## Appendix: Simple models
*Tim Braams (8460701), Vinh Phan (8462380), Maximilian Pintilie (8462780), Rahul Singh (8464147), Kartik Vijay (8463465), Diego Zucchino (8345420)*   
  
Just a bunch of simple Sklearn models with default parameters applied to the data to get a feeling for model performance. More in-depth analysis can be found in the submission notebook.

In [1]:
import os
import pandas as pd
from sklearn.metrics import mean_squared_error, mean_absolute_error

import scripts
import scripts.ResultStore as rs
import scripts.FitPredict as fp

### Load data

In [2]:
train = pd.read_json("../02_Pool_Data/pooled_train_300.json")
test = pd.read_json("../02_Pool_Data/pooled_test_300.json")

In [3]:
train = train.loc[~(train==0).any(axis=1)]

In [4]:
y_train = train["returns"]
X_train = train.drop(["index", "asset", "returns"], axis=1)

y_test = test["returns"]
X_test = test.drop(["index", "asset", "returns"], axis=1)

### Helper functions

In [5]:
results = rs.ResultStore(load_if_exists=False)

### Baseline

In [6]:
from sklearn.dummy import DummyRegressor

In [7]:
from sklearn.dummy import DummyRegressor
dummy_model, dummy_predictions, dummy_results = fp.fit_predict(DummyRegressor(strategy="mean"), 
                                                            X_fit=X_train, y_fit=y_train,
                                                            X_validate=X_test, y_validate=y_test,
                                                            store=results)

### Linear Regression
https://scikit-learn.org/stable/modules/generated/sklearn.linear_model.LinearRegression.html#sklearn.linear_model.LinearRegression

In [8]:
from sklearn.linear_model import LinearRegression

In [9]:
from sklearn.linear_model import LinearRegression
linear_model, linear_predictions, linear_results = fp.fit_predict(LinearRegression(), 
                                                               X_fit=X_train, y_fit=y_train,
                                                               X_validate=X_test, y_validate=y_test, 
                                                               store=results)

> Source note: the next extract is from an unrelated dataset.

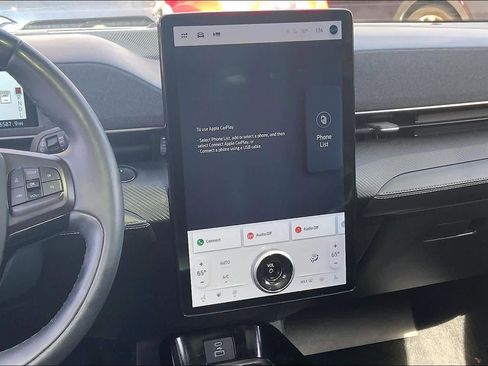 Used 2021 Ford Mustang Mach-E Premium image 7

### Support Vector Machine
https://scikit-learn.org/stable/modules/generated/sklearn.svm.SVR.html#sklearn.svm.SVR

In [10]:
from sklearn.svm import SVR

In [11]:
svr_model, svr_predictions, svr_results = fp.fit_predict(SVR(kernel="rbf", C=1, gamma=0.1, epsilon=0.1), store=results, X_fit=X_train, y_fit=y_train,
                                                               X_validate=X_test, y_validate=y_test)

### ElasticNet
https://scikit-learn.org/stable/modules/generated/sklearn.linear_model.ElasticNet.html#sklearn.linear_model.ElasticNet

In [12]:
from sklearn.linear_model import ElasticNet

In [13]:
elastic_model, elastic_predictions, elastic_results = fp.fit_predict(ElasticNet(), 
                                                                     X_fit=X_train, y_fit=y_train,
                                                               X_validate=X_test, y_validate=y_test, store=results)

### PLS Regression
https://scikit-learn.org/stable/modules/generated/sklearn.cross_decomposition.PLSRegression.html#sklearn.cross_decomposition.PLSRegression

In [14]:
from sklearn.cross_decomposition import PLSRegression

In [15]:
pls_model, pls_predictions, pls_results = fp.fit_predict(PLSRegression(), X_fit=X_train, y_fit=y_train,
                                                               X_validate=X_test, y_validate=y_test, store=results)

### Gradient Boosting
https://scikit-learn.org/stable/modules/generated/sklearn.ensemble.GradientBoostingRegressor.html#sklearn.ensemble.GradientBoostingRegressor

In [16]:
from sklearn.ensemble import GradientBoostingRegressor

In [None]:
gbr_model, gbr_predictions, gbr_results = fp.fit_predict(GradientBoostingRegressor(), X_fit=X_train, y_fit=y_train,
                                                               X_validate=X_test, y_validate=y_test, store=results)

### XGBoost
https://xgboost.readthedocs.io/en/stable/python/python_api.html#module-xgboost.sklearn

In [None]:
from xgboost import XGBRegressor

In [None]:
xgb_model, xgb_predictions, xgb_results = fp.fit_predict(XGBRegressor(), X_fit=X_train, y_fit=y_train,
                                                               X_validate=X_test, y_validate=y_test, store=results)

### MLP
https://scikit-learn.org/stable/modules/generated/sklearn.neural_network.MLPRegressor.html#sklearn.neural_network.MLPRegressor

In [None]:
from sklearn.neural_network import MLPRegressor

In [None]:
mlp_model, mlp_predictions, mlp_results = fp.fit_predict(MLPRegressor(), X_fit=X_train, y_fit=y_train,
                                                               X_validate=X_test, y_validate=y_test, store=results)

### Results
We can see that ensamble methods outperform the other methods. It would make sense to further look into these methods and dont invest more time into the other models.

In [None]:
results.get_df().sort_values("mse")

In [None]:
results.save(path="results", name="simple.json")